ENVIRONNEMENT : La résilience de la forêt du Val Suzon face au changement climatique

La réserve naturelle régionale du Val Suzon fête ses dix ans en 2021. Ce samedi 18 septembre, conseil régional, commune de Val Suzon et ONF sont revenus sur les enjeux environnementaux et touristiques d'une «forêt exceptionnelle». «La végétation arborée a énormément souffert des trois canicules», a souligné le directeur de l'ONF pour la Côte-d'Or.
Dans le programme des Journées européennes du Patrimoine, «le patrimoine naturel est oublié», constate Marlène Treca, conservatrice pour l'ONF de la réserve naturelle régional du Val Suzon. D'où le choix du samedi 18 septembre 2021 pour célébrer les dix ans de la réserve naturelle régionale.

Première à avoir été classée en Bourgogne, avec 3.000 hectares, la réserve naturelle régionale du Val Suzon reste la plus grande de Bourgogne-Franche-Comté. À elle seule, elle représente même 60% de la superficie des réserves naturelles de la grande région ! Le conseil régional entend ainsi en faire «l'emblème de sa politique active en faveur de la biodiversité».


Le comité consultatif de gestion de la réserve naturelle est coprésidé par Stéphane Woynaroski (PS), conseiller régional de Bourgogne-Franche-Comté, et Catherine Louis (LCOP), maire de Val Suzon et conseillère départementale de la Côte-d'Or. L'Union européenne, la Région et l'ONF cofinancent cette aire protégée.

Le parc de Jouvence et la source du Rosoir


Ce samedi, les prises de parole se font depuis le parking de Jouvence. Créée il y a plusieurs dizaines d'années, l'aire de Jouvence est toujours en bon état du fait d'un entretien régulier. Ainsi, les tables de pique-nique en bois ont été remplacées par des tables en béton. L'espace permet de se garer et d'accéder au site de la source du Rosoir, une balade facile à faire avec des enfants.
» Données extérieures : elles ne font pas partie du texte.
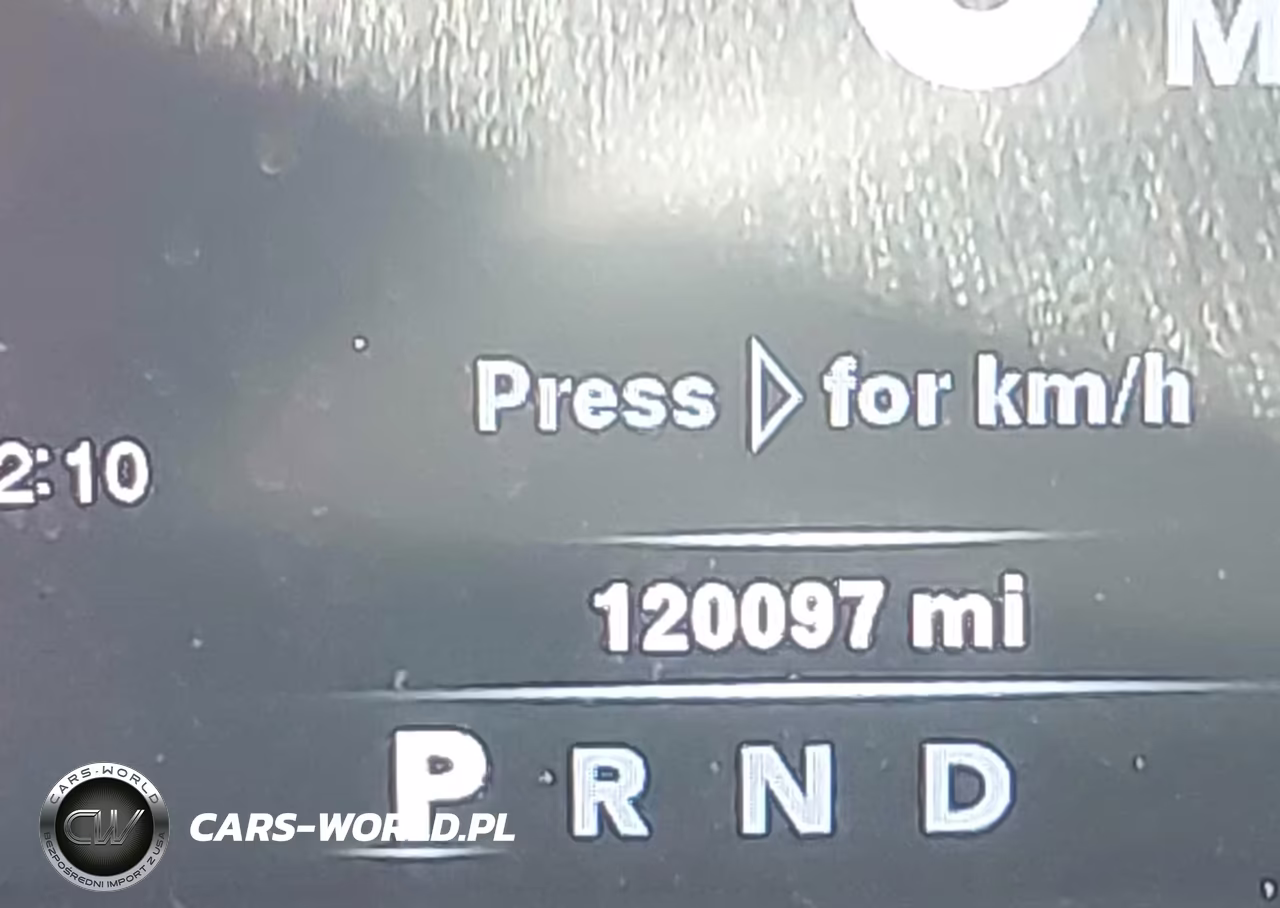 2014 Ram 1500 Big Horn VIN:1C6RR7GT0ES393314 - 15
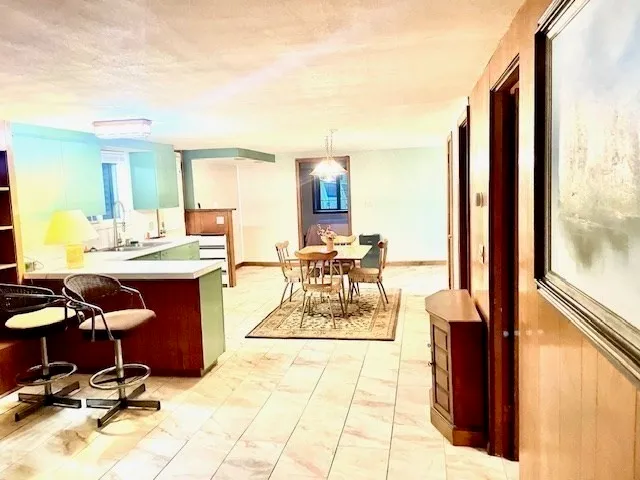 $500,000 | 9 Green Hill Avenue, Worcester, MA 01605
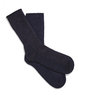 K/GEE BAMBOO WORK SOCK, DENIM K/S (11-14)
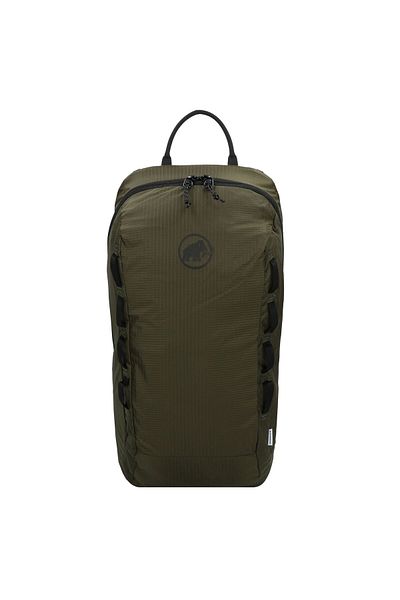 Mammut Neónové svetlo Trekingový batoh 42,5 cm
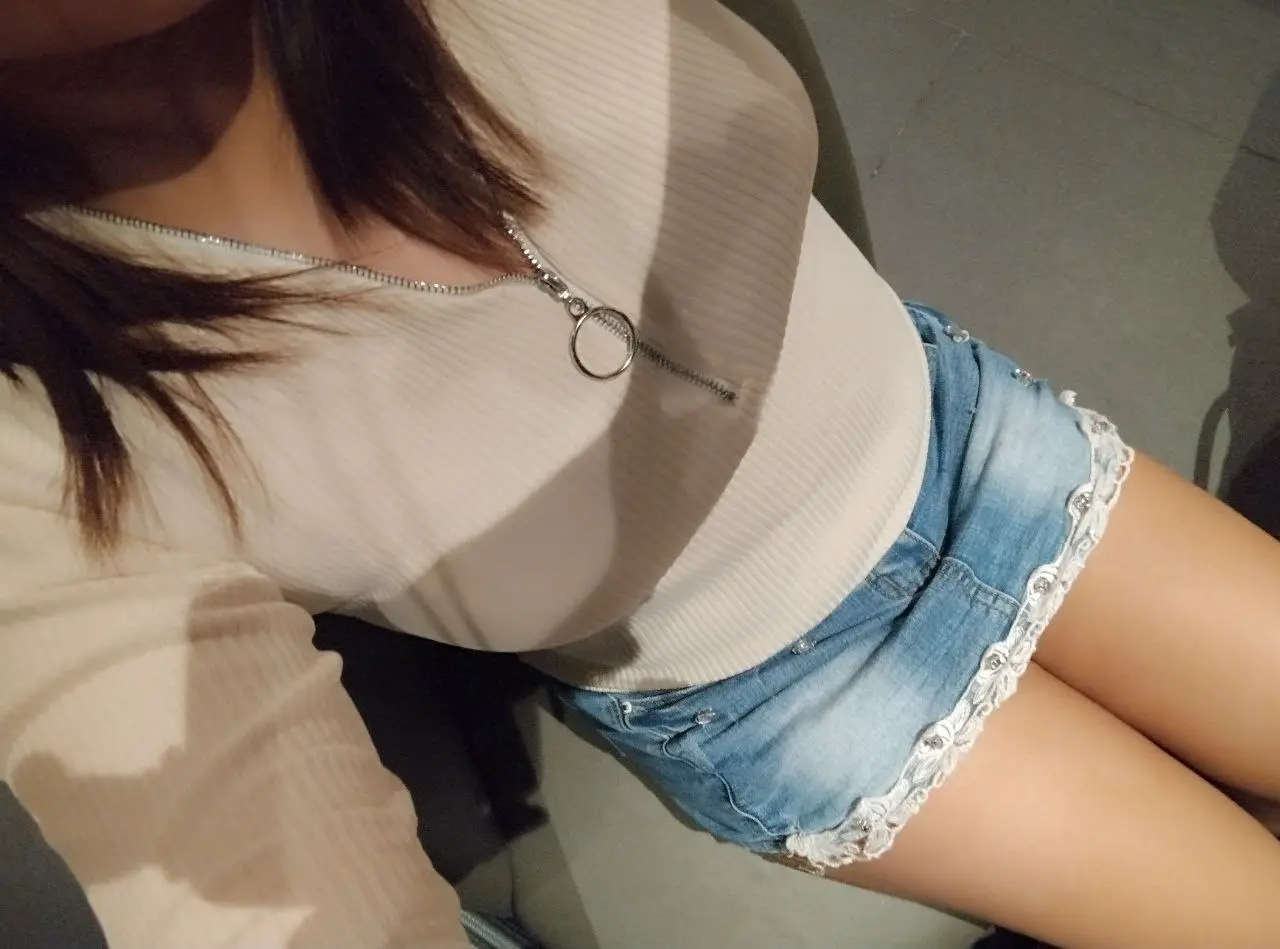 ENYU KAKA-18 LAST JANUARY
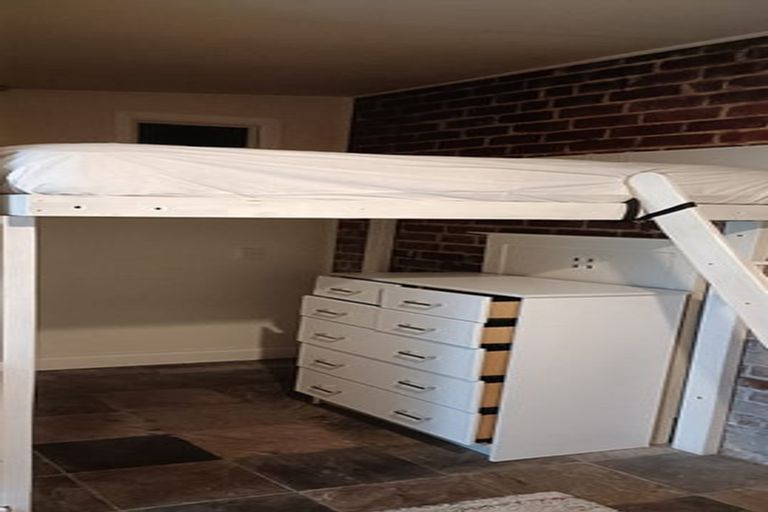 Photo of property in 663 George Street, North Dunedin, Dunedin, 9016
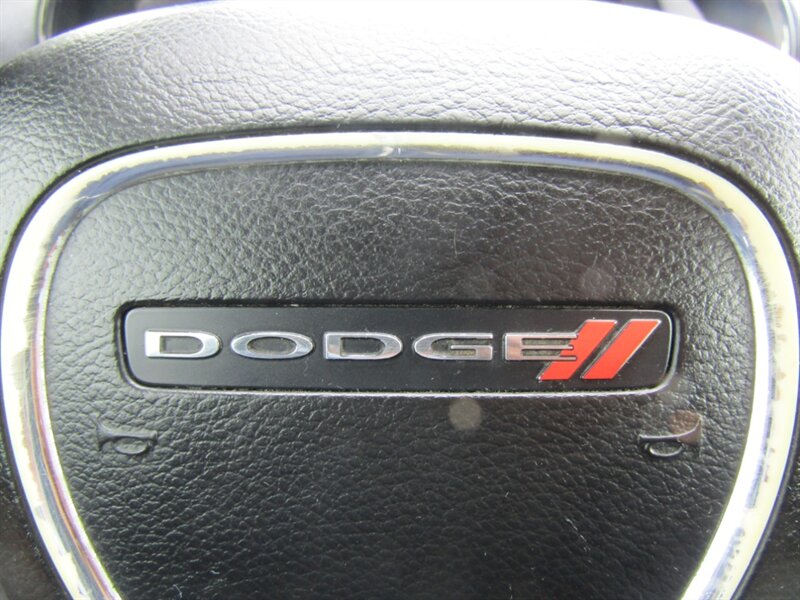 2019 Dodge Durango GT Plus - Photo 25 - Haddon Twp, NJ 08107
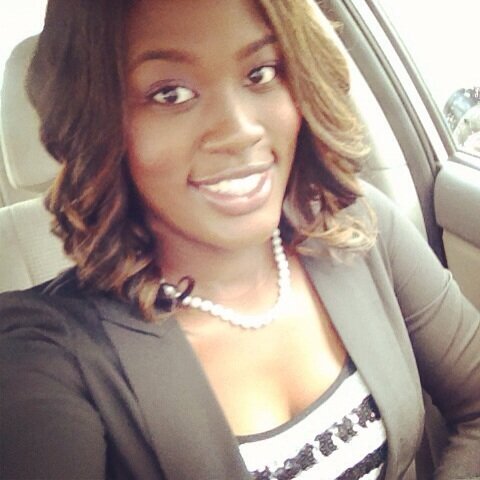 God first. Family second.
#Mother #Entrepreneur #AmbitiouslyDriven #Traveler
IG: BRITTNEYDACHE ~ FB: Brittney Dache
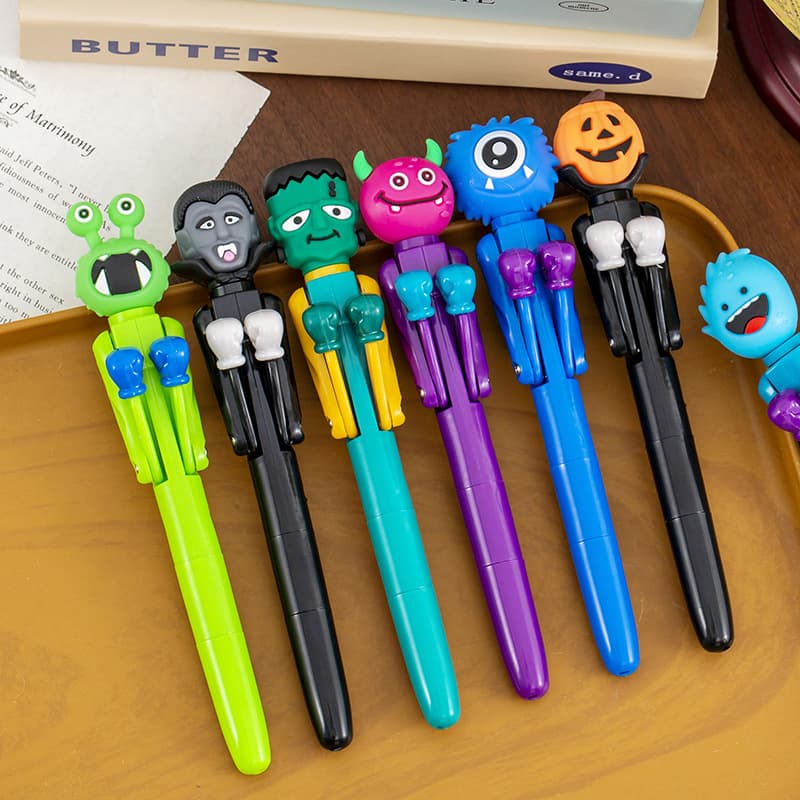 Yiwu Yilan Accessories Co., Ltd.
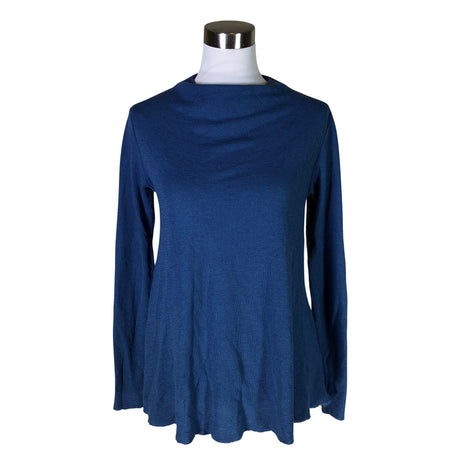 Unisex Blusbar - Neulepaita, koko 38 -  ()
Un boulodrome complète les installations.

Néanmoins, avec 20.000 visiteurs par an – et quasiment autant de voitures – le site est parfois victimes de son succès : stationnement sur les pelouses, barbecues, tentes...

Bien que situé sur la commune de Messigny-et-Vantoux, la Ville de Dijon est propriétaire du parc de Jouvence et responsable de son entretien. Un nouvel aménagement paysager devrait être prochainement réalisé pour mieux canaliser le flux des véhicules et améliorer encore la préservation des espaces naturels.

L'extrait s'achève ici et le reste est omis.